I mean, it’s September, so you’d figure at least the guests with kids would’ve shown up by now, because they have to get home early to set the babysitter free. What’s funny is that the fashionably late stragglers are probably going to be the first people here. And they thought they were being so cool!
Let me turn down the music. I checked out some mariachi stuff from the library to add some mexicano flavór. Now I’ve begun to suspect that four months of continuous mariachi music may have something to do with my insomnia and the mustachios I’ve been hallucinating.
One guy who has no excuse for not showing up is my neighbor Jim. He lives across the hall, has no family obligations, and just sits in his apartment getting stoned and holding staring contests with the light on his smoke detector. When I hear him walking down to the garbage room, I’ll grab a trash bag of my own and pretend to bump into him. He’ll say something like “Hey, man,” and I’ll casually respond in kind, waiting for him to acknowledge my serape. But nothing clicks. It’s true he never said yes on my Evite, but he never said no, either. He never even said maybe. In fact, no one replied at all. I feel like I wasted my time coming up with funny response headings (Yes=Sí, Maybe=Tal Vez, No=No).

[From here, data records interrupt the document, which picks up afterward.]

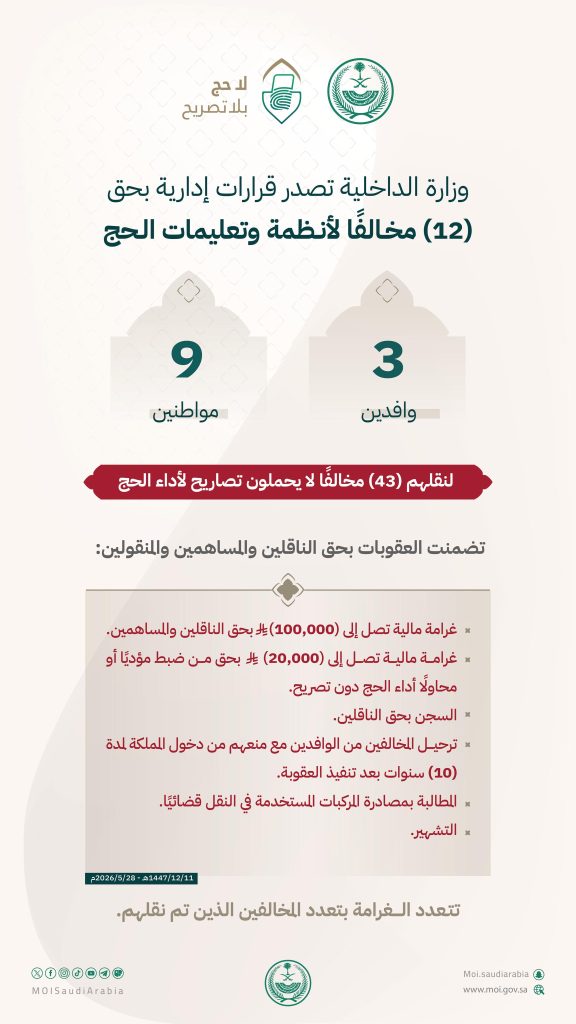 قرارات إدارية بحق (12) مخالفًا لأنظمة وتعليمات الحج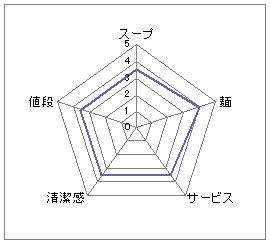 我逢人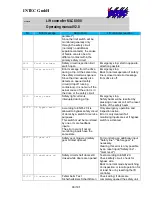 Preview for 90 page of Intec MLC 8000 Operating Manual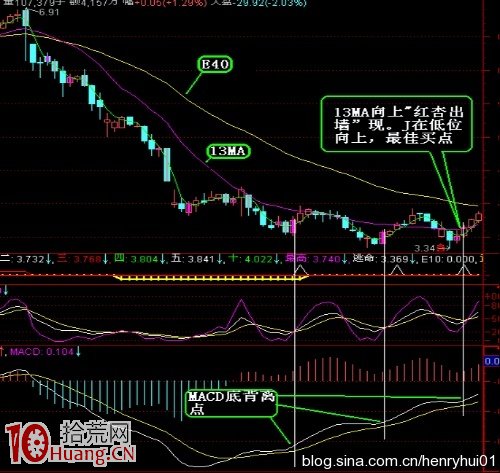 其實炒股買賣操作隻需用好MACD頂底背離即可(圖解) 其實炒股買賣操作隻需用好MACD頂底背離即可(圖解),拾荒網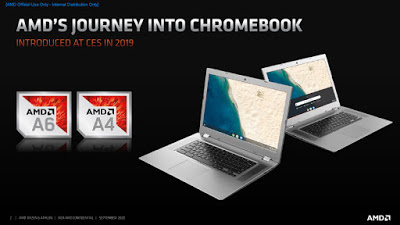 Ryzen & Athlon 3000 C Series: Zen CPUs στα Chromebooks - Φωτογραφία 1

Wait, did someone just knock? No, it’s just a guy outside working on his roof. Ever notice how you become hyper attuned to sound when you’re waiting for company? You think someone’s at the door, but it’s actually just a thunderstorm three states away or a stray cat’s heartbeat. The false alarms are annoying, but if I prop the door open anyone can just saunter in and crash mi loco fiesta—I mean, should mi loco fiesta come into existence.
Anyway, the co-workers I invited are no better than my neighbors. Denise called on May 9. I thought we were friends, but she just demanded to know why I hadn’t been showing up at the office. Was I sick or something? I asked her if I sounded sick, hoping she’d notice that I used question marks at both ends of the sentence. She didn’t. I couldn’t think of another indirect way to jog her memory, so I just blurted out, “Mexico! Mexico! Mexico!” She asked me why I said that, but instead of answering I observed how odd it was that that particular country should enter her mind so suddenly, apropos of nothing. Was her unconscious trying to communicate something? Anyway, the upshot is that if I ever set foot in the office again, someone will discharge a stun gun.
It’s just not fair! I looked out the window yesterday and saw a guy in a sombrero walking toward my building. He was kind of tall and slouchy, so I just assumed it was Doug. But it wasn’t. In fact, I didn’t even know him. It turns out my downstairs neighbor is going to have a Halloween party, and this guy was more than a month early.
I don’t want to leave the apartment, because I know the minute I do, someone’s going to arrive. But here’s the problem: I’m starving to death. I went through the guac and the seven-layer dip and the taquitos long ago. Then I spent a few weeks trying to break into the piñata, but I was too malnourished to swing the wiffleball bat with any kind of force. I didn’t want to cheat, but I finally tore off the blindfold and gouged an orifice into the burro with a car key. Now I’m out of Starburst, and I’m well into the less appealing flavors of Dum Dums. When the store-brand butterscotch candies are gone, I’ll be in serious trouble.
Plus, when the guests show up, what are they gonna eat?